Problem statement: Copying rule for the data below: pictures stay out, and only the lines from the one with "Hairotic Men Black" down to the one with "Veja imagens da", inclusive, are repeated exactly.

Data extracts:
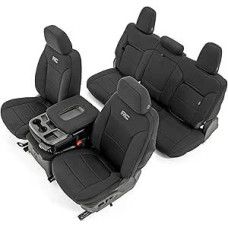 Rough Country F&R Neoprene Seat Covers for 19-21 Chevy Silverado 1500-91037
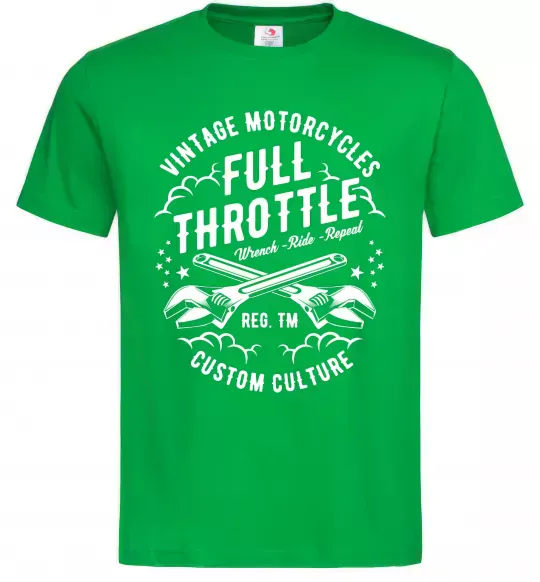 Мужская футболка Full Throttle Зеленый фото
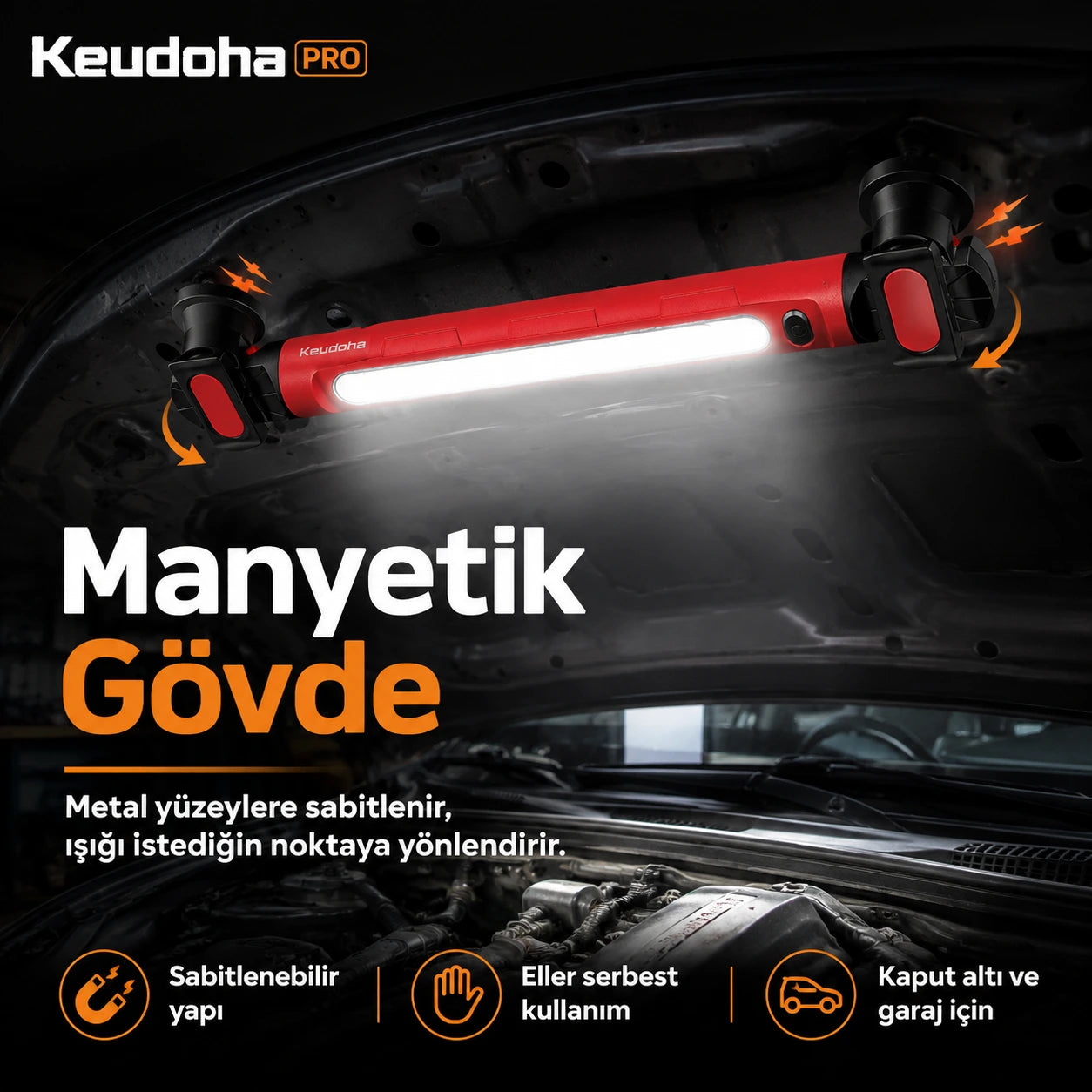 Keudoha Pro Araç & Garaj Işığı
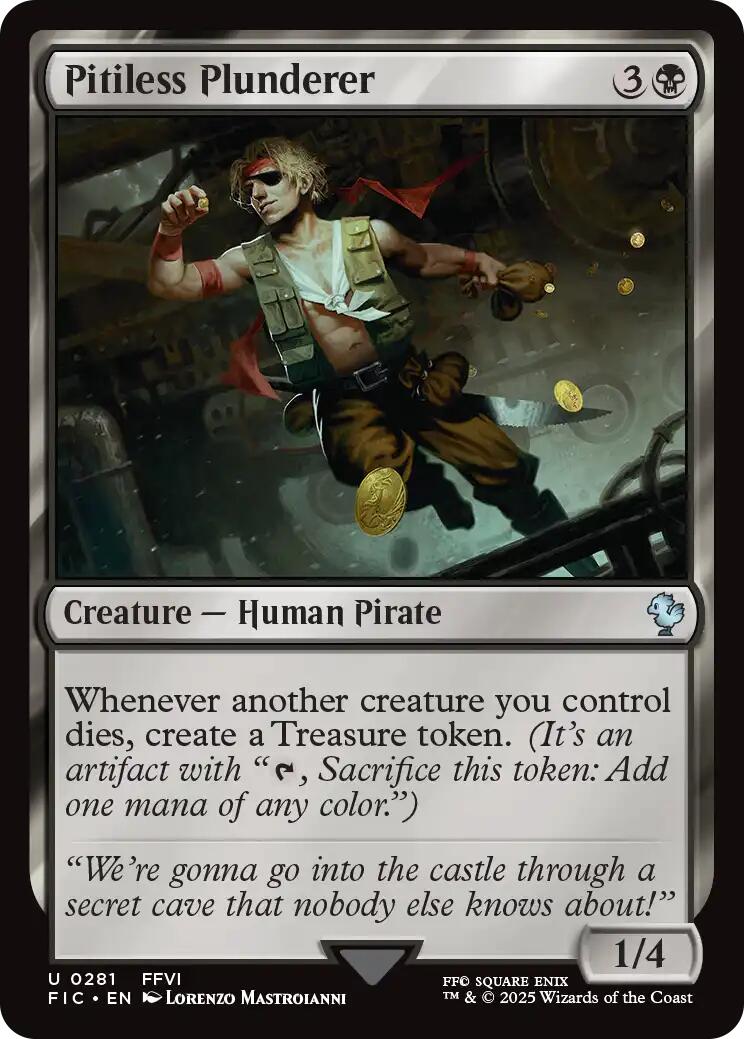 Pitiless Plunderer (Surge Foil) [FINAL FANTASY Commander] | Empire Gaming NC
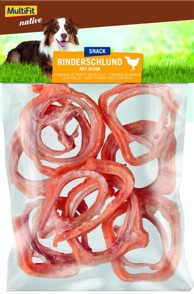 MULTIFIT Poslastica za pse Native goveđi grkljan s piletinom 50 g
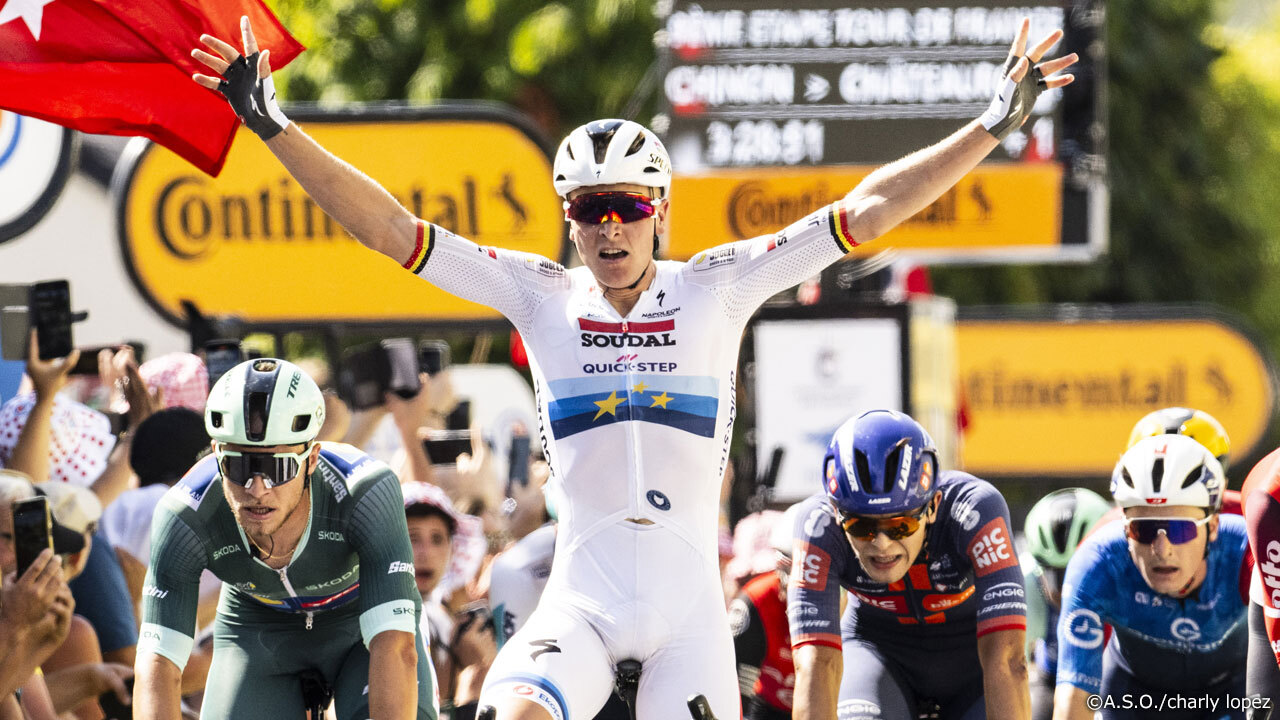 メルリールがスプリントを制し今大会2勝目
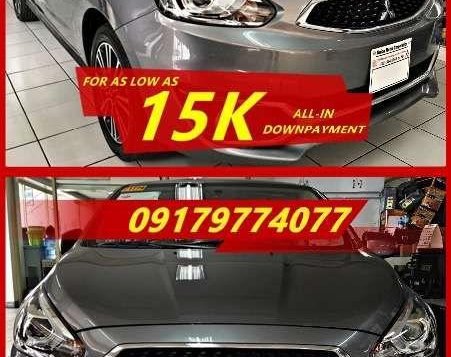As low as 15K CASH OUT 2018 Mitsubishi Mirage Hatchback Gls Automatic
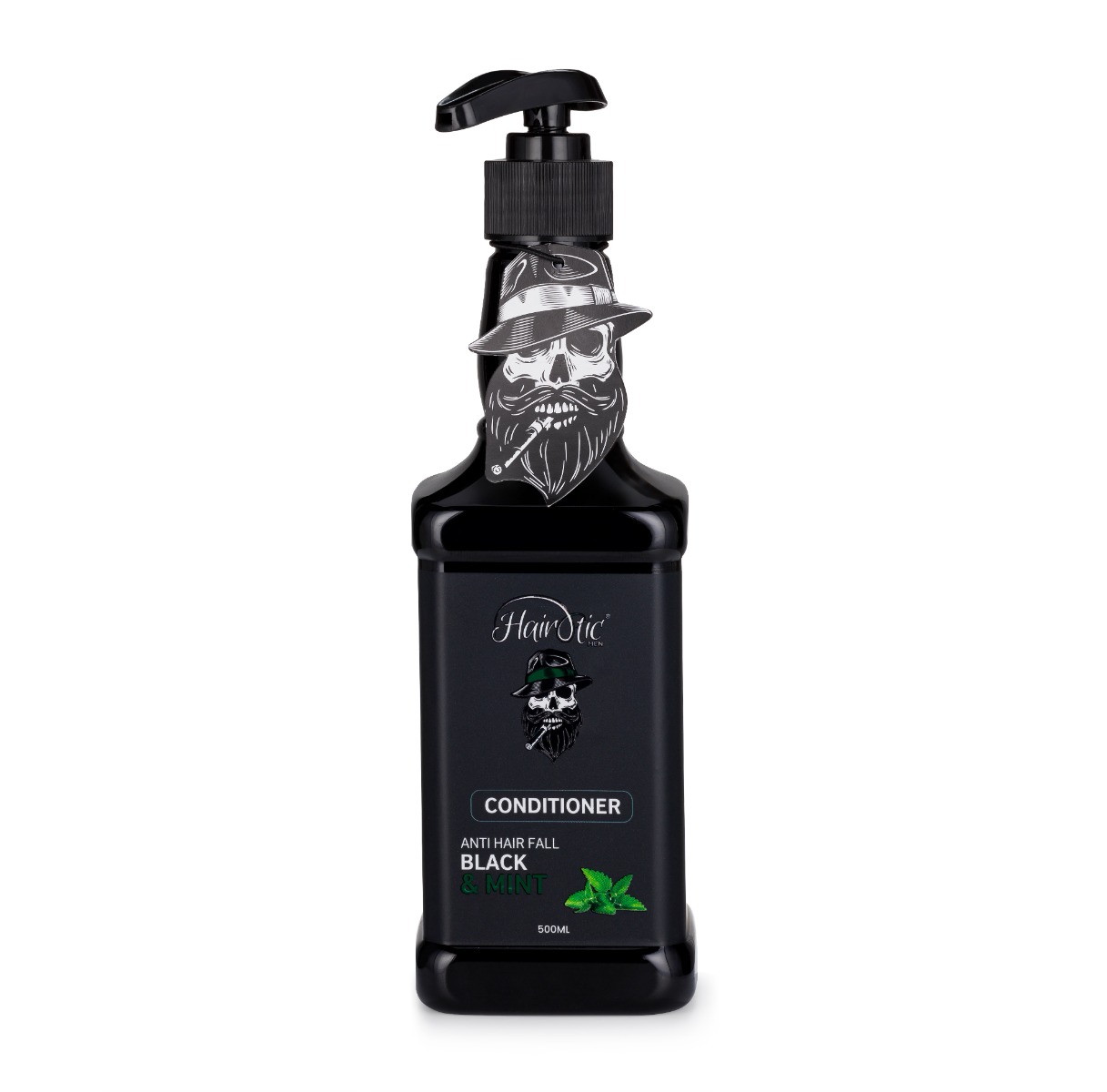 Hairotic Men Black & Mint kondicionér při vypadávání vlasů 500 ml Hairotic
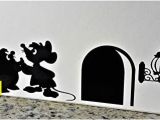 Mickey Mouse Wall Murals Uk Cartoon Decal Mouse Hole Wall Sticker " Gus and Jaq the Cinderella Mice with Yellow Flame " Skirting Board Wall Art Sticker Vinyl Decal " 20cm X 6cm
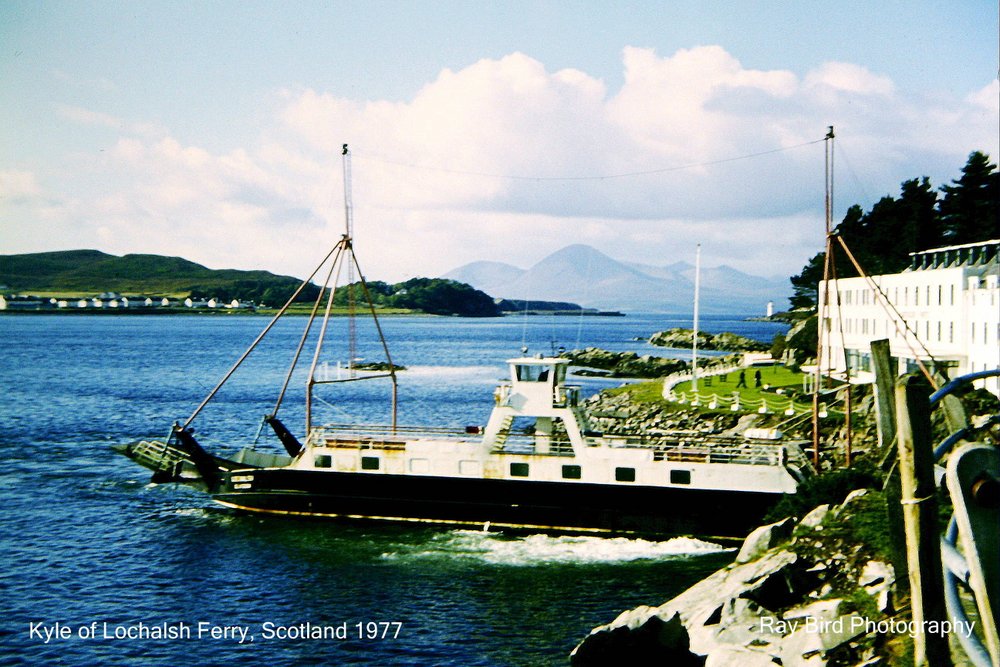 Kyle of Lochalsh Ferry, Highlands 1977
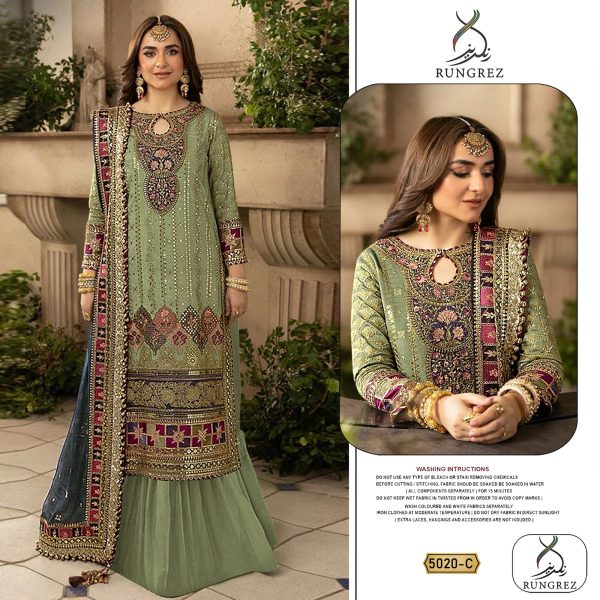 RUNGREZ 5020 C PAKISTANI SUITS WHOLESALE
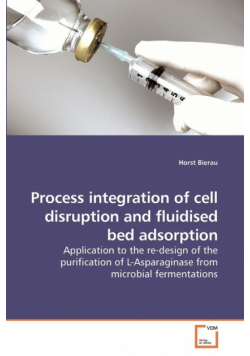 Process integration of cell disruption and fluidised bed adsorption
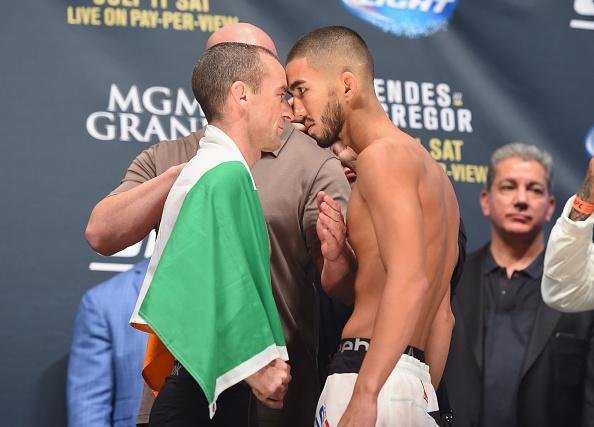 Veja imagens da pesagem e encaradas do UFC 189 - Neil Seery e Louis Smolka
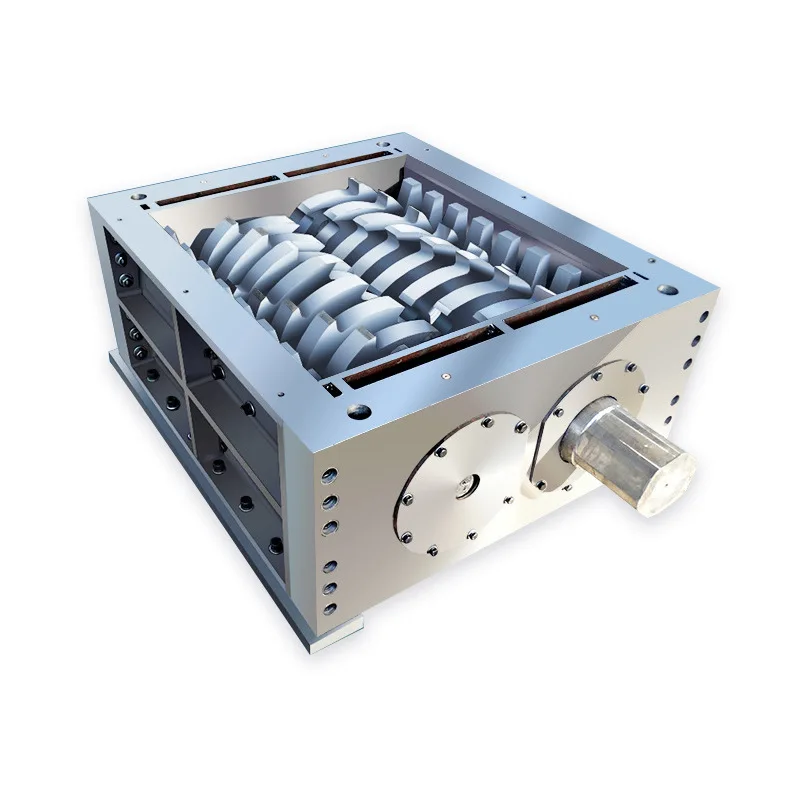 Industrial Double Shaft Scrap Metal Shredder shaft chamber Box/ Chassis/ Case with SKD11 blade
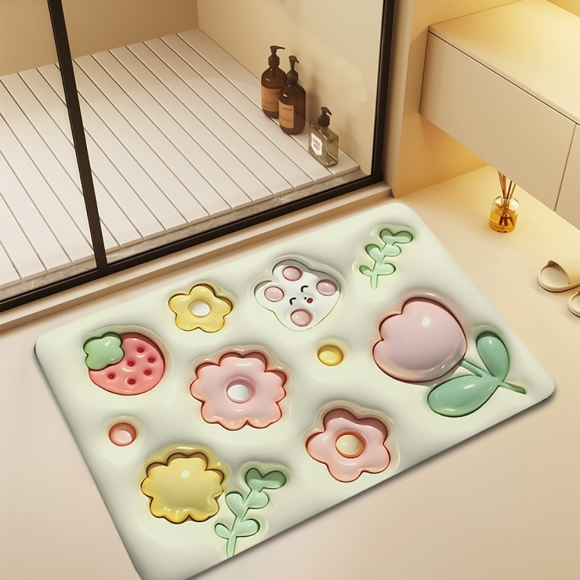 보송보송 3D 착시 발매트(가든)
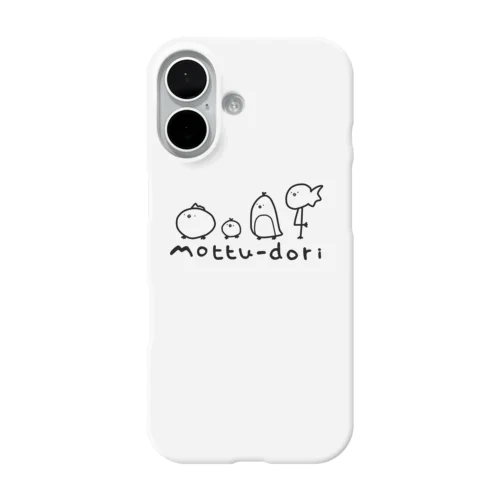 もつどりず　くろ iPhone Smartphone Case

Answer box:
 Hairotic Men Black & Mint kondicionér při vypadávání vlasů 500 ml Hairotic
 Mickey Mouse Wall Murals Uk Cartoon Decal Mouse Hole Wall Sticker " Gus and Jaq the Cinderella Mice with Yellow Flame " Skirting Board Wall Art Sticker Vinyl Decal " 20cm X 6cm
 Kyle of Lochalsh Ferry, Highlands 1977
 RUNGREZ 5020 C PAKISTANI SUITS WHOLESALE
 Process integration of cell disruption and fluidised bed adsorption
 Veja imagens da pesagem e encaradas do UFC 189 - Neil Seery e Louis Smolka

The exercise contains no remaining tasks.